### [EXTRACTED DATA]
○ ○ ○ ○ ○ ○ ○
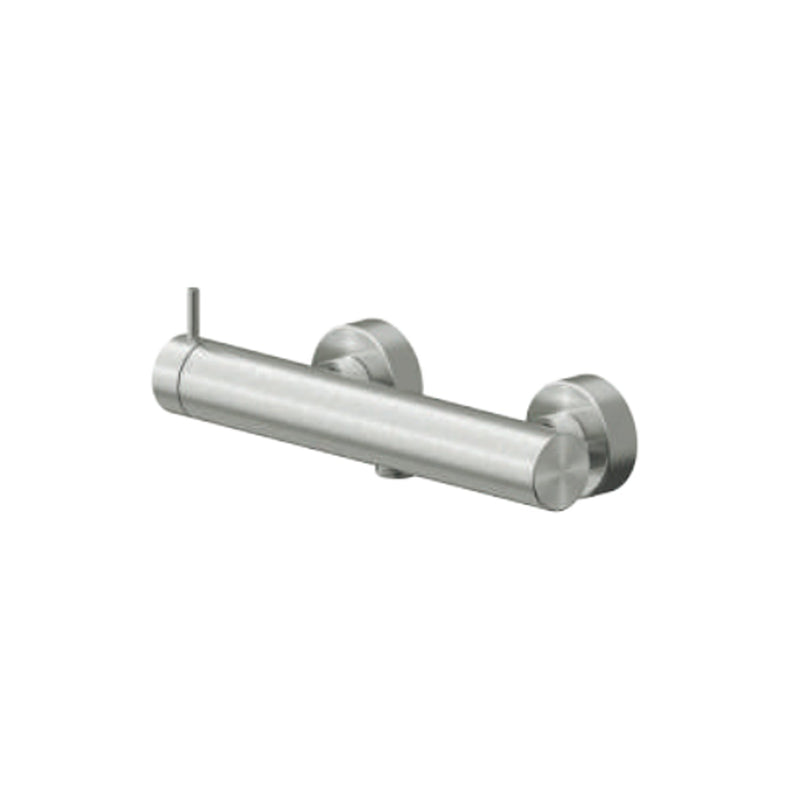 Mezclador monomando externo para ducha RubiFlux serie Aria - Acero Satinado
○ ○ ○ ○ ○ ○ ○
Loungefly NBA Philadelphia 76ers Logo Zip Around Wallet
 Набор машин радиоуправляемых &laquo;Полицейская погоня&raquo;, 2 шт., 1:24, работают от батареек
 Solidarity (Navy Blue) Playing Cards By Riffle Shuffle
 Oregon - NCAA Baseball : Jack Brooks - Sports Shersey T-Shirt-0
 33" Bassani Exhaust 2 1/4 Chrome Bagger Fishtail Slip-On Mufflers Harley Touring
○ ○ ○ ○ ○ ○ ○
### [WHAT IS BEING ASKED]
Your answer should be the lines above from the one containing "Набор машин радиоуправляемых" through the one containing "Mufflers Harley Touring", copied exactly and with both ends kept.

### [OUTPUT OF THE TASK]
 Набор машин радиоуправляемых &laquo;Полицейская погоня&raquo;, 2 шт., 1:24, работают от батареек
 Solidarity (Navy Blue) Playing Cards By Riffle Shuffle
 Oregon - NCAA Baseball : Jack Brooks - Sports Shersey T-Shirt-0
 33" Bassani Exhaust 2 1/4 Chrome Bagger Fishtail Slip-On Mufflers Harley Touring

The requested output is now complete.